Are politics rather than principles driving Facebook’s decisions?


Facebook said it didn’t want to make important policy decisions on its own. Then why did it make these important policy decisions alone and in secret?


These questions are important because Facebook is not an ordinary company. Whether we are aware of it or not, the ways the company designs its online hangouts shape how we behave and what we believe.


In an extreme example, Facebook has acknowledged that it failed to prevent its social network from being used to incite a genocide in Myanmar. That’s why it’s crucial that Facebook makes good policy choices in fair-minded and transparent ways.


On the first question, The Wall Street Journal reported that Facebook decided not to make most of the suggested changes aimed at reducing the spread of divisive content in part because more material from the right than the left would have been affected, and the company was worried about triggering claims (again) that the company was biased against conservatives.

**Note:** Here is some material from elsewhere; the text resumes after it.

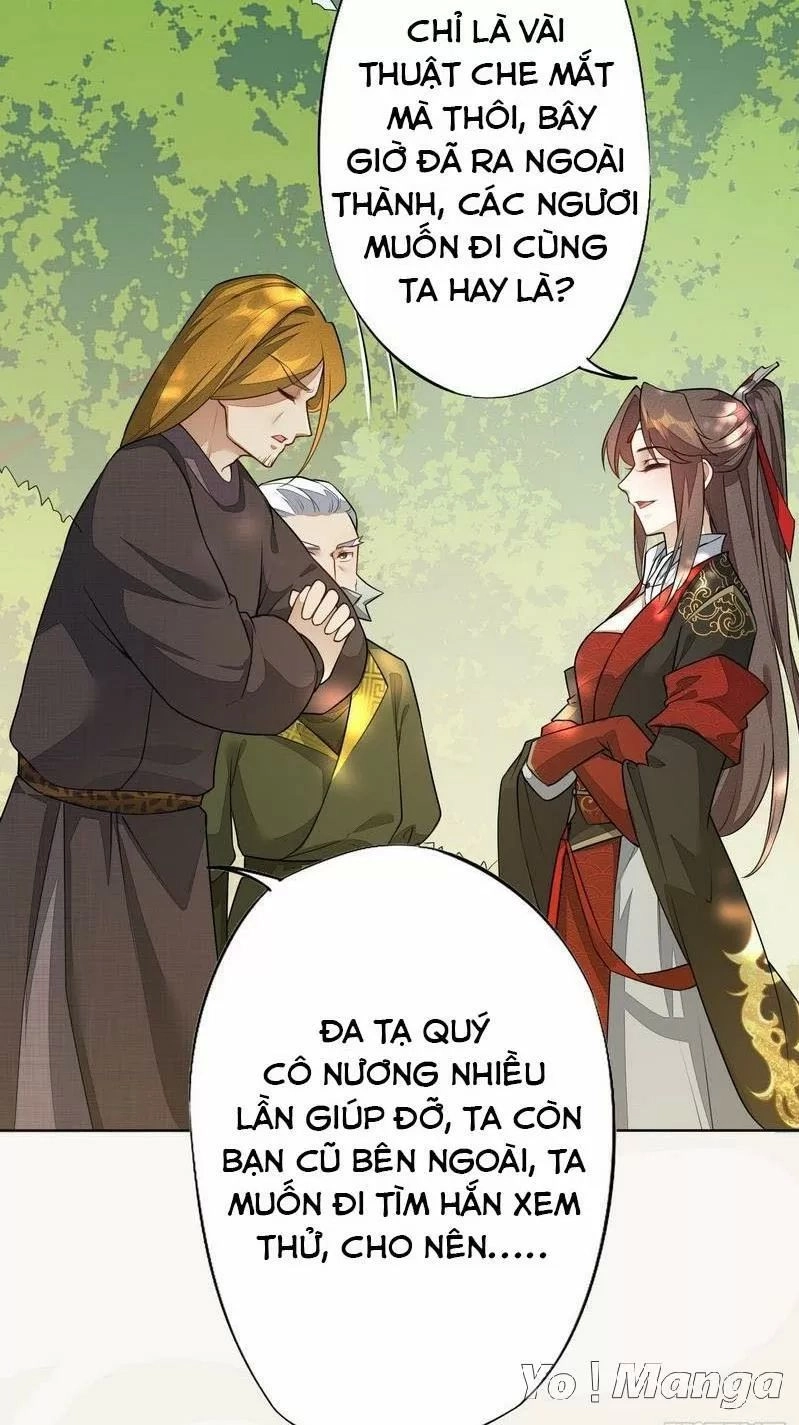 Tuyệt Thế Luyện Đan Sư Chapter 150 - 15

Some people at Facebook also said they believed that similar fears were behind Facebook’s light touch on policing political speech in advertisements and posts.

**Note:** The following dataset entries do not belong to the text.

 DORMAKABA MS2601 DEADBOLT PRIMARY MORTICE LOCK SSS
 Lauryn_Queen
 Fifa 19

If Facebook made these decisions on the merits, that would be one thing. But if Facebook picked its paths based on which political actors would get angry, that should make people of all political beliefs cringe.


This is not a partisan point. Facebook is obsessed with staying in the good graces of people with power, period. This is natural, to a point. (President Trump’s anger at Twitter for adding fact-checking notices to two of his tweets this week shows there are consequences to such decisions.) But there should be a line between understanding the political reality and letting politics dictate what happens on your site.


People at Facebook say the company doesn’t bend to politics. And Facebook in a blog post on Wednesday detailed its investments and changes that it said were intended to reduce polarization.


It also unnerves me that multiyear research into Facebook’s impact on the world stayed entirely inside its walls. What happens at Facebook is too important to stay secret.


Five years ago, Facebook’s chief executive, Mark Zuckerberg, touted research by its data scientists that found that the social network doesn’t worsen the problem of “filter bubbles,” in which people see only information that confirms their beliefs. The public could evaluate the data and discuss an important question affecting much of our society.


Now, big-picture discussions about Facebook’s impact are confined to internal posts or company conference rooms.


This is the opposite of Facebook’s stance that it wants input from lawmakers and the public about important topics like what speech is harmful and how to prevent cyberattacks. It also runs counter to Facebook’s efforts to work with independent fact checkers and create a quasi-independent board to adjudicate disputes over posts that violate the company’s rules.


“People shouldn’t have to rely on individual companies addressing these issues by themselves,” Zuckerberg wrote in an opinion piece for the Washington Post last year. “We should have a broader debate about what we want as a society and how regulation can help.”